I have always left my to mares travel loose, even when picking up new ones (this does cause some sellers to have a fit). My trailer is like a stock trailer that I can either turn into two box stalls or one box and two straight. Works great for mommas and babies. I always make sure to put bedding on the floor, just a light amount to soak up urine but not too much as that also can cause slipping. I have yet to have a mare fall even when other idiot drivers try to cause a wreck and I end up on the brake. (Really I think how to drive around trailers should be part of driver's ed)
Did the horse just slip on its own or was there a sharp turn/ braking?


----------



## Sophie19 (Apr 13, 2009)

He was in a two horse slant load. He knocked out the divider when he fell. We had started up a steep hill when he fell. I guess the sudden incline caught him off guard. I didn't have any bedding in the back but that is a great tip. Also would make cleaning the trailer after a ride much easier.


----------



## rlcarnes (Jul 12, 2011)

Crossover said:


> I have always left my to mares travel loose, even when picking up new ones (this does cause some sellers to have a fit). My trailer is like a stock trailer that I can either turn into two box stalls or one box and two straight. Works great for mommas and babies. I always make sure to put bedding on the floor, just a light amount to soak up urine but not too much as that also can cause slipping. I have yet to have a mare fall even when other idiot drivers try to cause a wreck and I end up on the brake. (Really I think how to drive around trailers should be part of driver's ed)
> Did the horse just slip on its own or was there a sharp turn/ braking?


AMEN!!! Horse Trailers in Driver's Ed!!! I once had an old lady lay on her horn as she went to pass us. Our horses were fine not much gets them going but I just kept thinking what if ours weren't. 

As for the tying thing as others have said is a lead rope really going to hold 900+? It was probably better because she didn't have the pressure to make her panic when she did fall. When we trailer out boy's we always use quick release snaps. If they need to panic and get free they can but the main reason to tie is to keep the horse from getting his head under the dividers or if they don't like who they are trailering with they can't reach to bite. Hope it helps!


----------



## HollyBubbles (Jun 22, 2009)

Have you floated the horse before? One of my friends old ponys would always fall in the float, for some reason she just couldn't keep her balance, but as soon as she was in a truck she was fine.
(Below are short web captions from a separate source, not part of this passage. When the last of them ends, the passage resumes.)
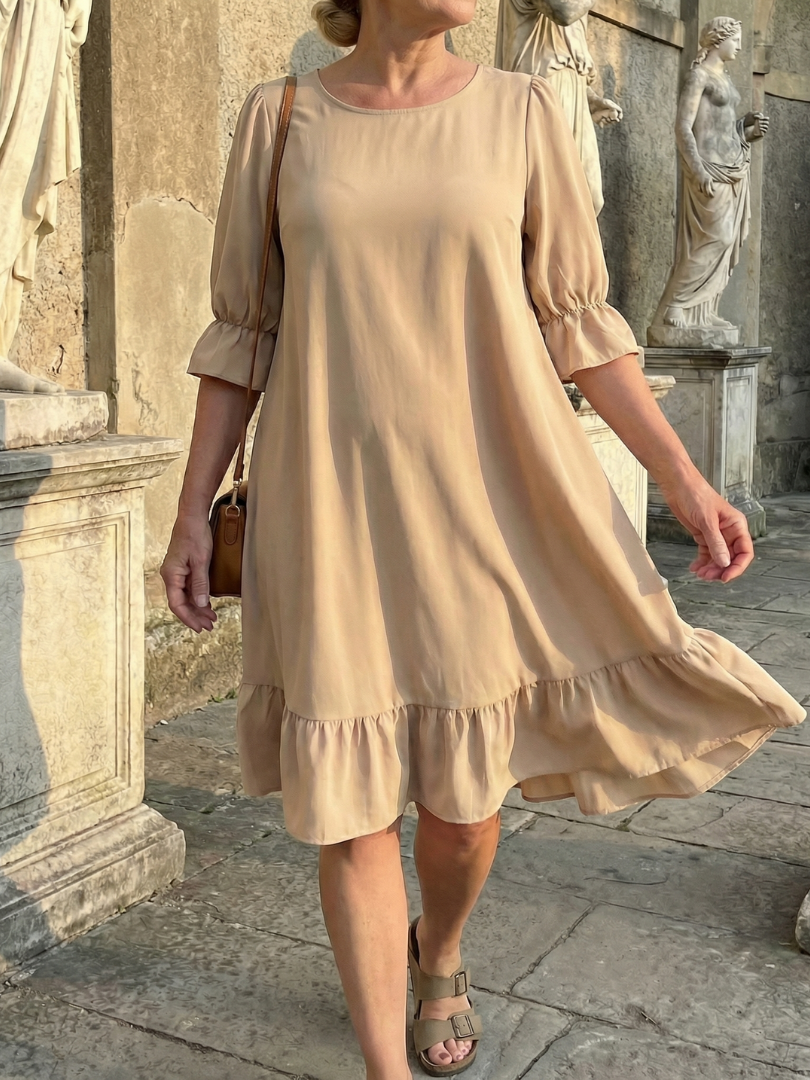 Daven | Rochie de zi cu volane
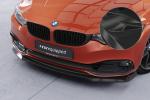 CSR Frontspoiler | Cup-Spoilerlippe mit ABE für BMW 4er F36 Gran Coupe CSL781-C Carbon Look glänzend (keine Lackierung erforderlich)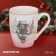 New Year's mug for tea "Moscow Bear", 330 ml, 12 × 8.5 × 11 cm, porcelain, white color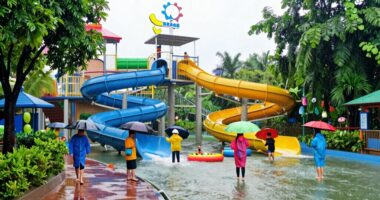 rainy weather water park planning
So that solved their problems (Though I'm not insisting go out and buy a truck I know money doesn't grow on trees :lol

I think it's good he wasn't tied up as if the lead hadn't broken when he fell he may have gotten hung by his halter (I've never seen it happen but i'm told it's possible)


----------



## wild_spot (Jan 30, 2008)

We have a three horse angle load, and had two horse straight loads in the past.

We always tie, because one of my horses can get his head behind the divider if he isn't tied, and if we had to hit the brakes with his neck bent behind the divider he could snap his neck.

We put sawdust down for long trips, don't bother for short ones.

We have a reversing camera rigged to work as a float camera so we can always see what is going on - If a horse is struggling with hills, braking, corners etc. - We know to slow it down even more. I hate travelling without a camera now!


----------



## Sahara (Jul 23, 2010)

Not the article I was looking for, but I came across this one. Might be helpful to you, but the pics are graphic. 

Rainier Equine Hoof Recovery Center, Inc: Fancy's Hoof Injury


----------



## StormvaleQHStud (Dec 16, 2010)

Omg wild spot that is an amazing idea ( I want to do that untill I get a 4x4 that is high enough to see into my straight load window lol) I currently tow with a commodore wagon does the job nice and easy but the other half wants it for work (not complaining coz that means I get the new car Hahahaha!)
_Posted via Mobile Device_


----------



## wild_spot (Jan 30, 2008)

^ yeah we could see through the window in our straight load, but it doesn't work so well in the angle!
_Posted via Mobile Device_


----------



## StormvaleQHStud (Dec 16, 2010)

^^^ LOL good point wild spots i will be sure to keep that in mind when i eventually get an angle then i will hook up a cam for sure. haha


----------



## musicalmarie1 (Dec 8, 2010)

My mom does pony rides, and we've done it both ways-- tied and untied. Our ponies are generally ornery gits, so when we first put them on the trailer they are tied. With our stock trailer, there is a divider, so for big events we'll put a few in the front, close the divider, and put a few in the back. That way they have something to lean on in case they lose their balance a little bit. We did have one incident where the pony on the very end (by the door) fell and we had a hard time getting him up and out without being stepped on. They are always tied in the stock trailer, so I guess that's the risk we take. 

Sometimes, though, if we have more than one event in a day, we'll put four ponies in our two horse slant load. Again, tie them up for loading, but once every one is inside, I told mom she needs to take their leads off so that they can organize themselves in the smaller space. It seems to work out well. 

Either way, there are risks and benefits. I suppose it will be about finding what works best for your babies.

I've ALWAYS wanted to get a trailer camera-- I hate wondering what's going on back there!!


----------